Hezbollah, a major entity in Lebanon’s politics, suggested a different source of aid. Hezbollah leader Hassan Nasrallah has stated in recent weeks that the gasoline crisis in Lebanon could be addressed within a few days if the country would just accept Iranian oil shipments, which are under sanctions by international law.
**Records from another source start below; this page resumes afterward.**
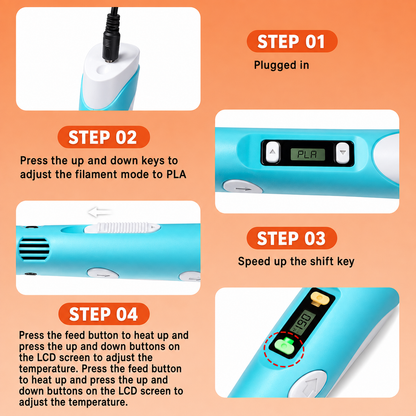SparkCraft™ 3D Creative Pen Kit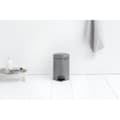 Pikkukuva 4 / 5: Brabantia Newicon Pedal Bin 3L Platinum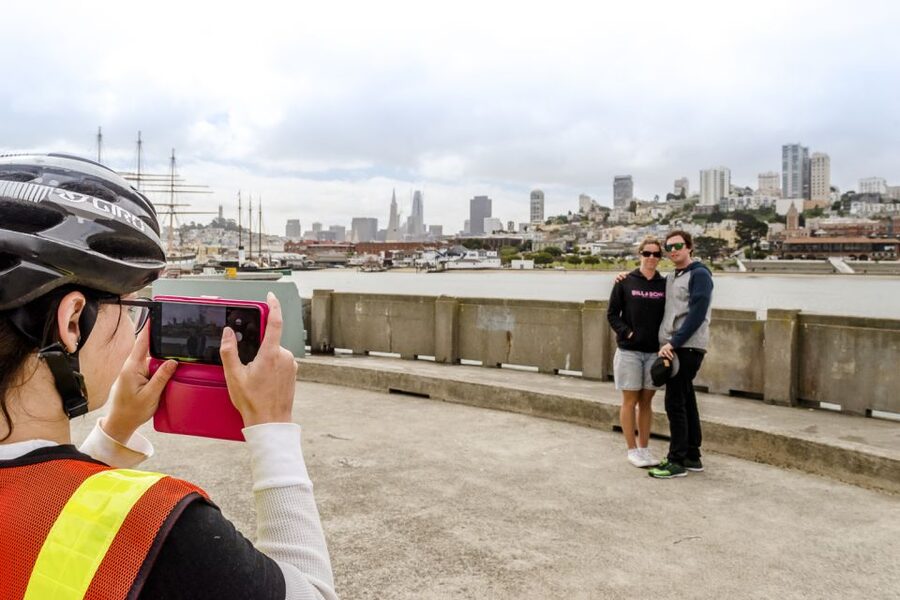 San Francisco: Golden Gate Bridge to Sausalito Cycling Tour - Fisherman’s Wharf to Fort Mason: The City Gets You Oriented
Peace with Lebanon as part of the Temple
A peace agreement with Lebanon would, perhaps more than such an agreement with any other country, signal the beginning of a new era that might be more conducive to the construction of the Third Temple in Jerusalem. When David’s son, Solomon, began to build the first Jewish Temple In Jerusalem, he immediately turned to the government of Lebanon to play an essential role in its construction.
Shlomo sent this message to King Huram of Tyre, “In view of what you did for my father David in sending him cedars to build a palace for his residence— see, I intend to build a House for the name of Hashem my God; I will dedicate it to Him for making incense offering of sweet spices in His honor, for the regular rows of bread, and for the morning and evening burnt offerings on Shabbatot, new moons, and festivals, as is Yisrael‘s eternal duty. II Chronicles 2:2-3
The cedars, the national symbol of Lebanon to this day, were also used as a major element in the construction of the Second Temple.
They paid the hewers and craftsmen with money, and the Sidonians and Tyrians with food, drink, and oil to bring cedarwood from Lebanon by sea to Yaffo, in accord with the authorization granted them by King Cyrus of Persia. Ezra 3:7
Lebanon: former glory versus current crisis
Once considered a world center for trade, nicknamed the Paris on the Mediterranean, Lebanon is currently suffering its worse economic crisis in 30 years, even worse than it experienced during its 15-year civil war that ended in 1990. The Lebanese lira has plummeted to record lows, losing 90% of its value in two years.
This devaluation has made it difficult for the government to provide fuel, electricity, medical supplies, and basic services. As it is, Lebanon has been without a working government since Prime Minister Hassan Diab’s Cabinet resigned after the explosion at Beirut’s port.
The banks have lent up to 70% of their assets and many are facing insolvency and bankruptcy. The fourth most indebted country in the world, Lebanon defaulted on its international debt last March for the first time in its history.
But this economic crisis is hitting the average person the hardest. Lebanon imports about 80 % of the goods it consumes so the abysmal exchange rate means that basic goods cost five times what they did two years ago. Inflation last year stood at 84% and is expected to reach 77% this year. Food inflation reached over 400%. With 40% unemployment, many Lebanese find themselves today unable to afford basic necessities.
With offshore oil and natural gas deposits, Lebanon should be wealthy. Its vibrant pharmaceutical industry is suffering. There are 12 gold-processing plants in Lebanon and some of the goldsmith shops have been operating for 120 years and while the average citizen is struggling to buy bread, the merchants in Beirut are buying up gold, silver, and precious gems smuggled in from neighboring war-torn Syria.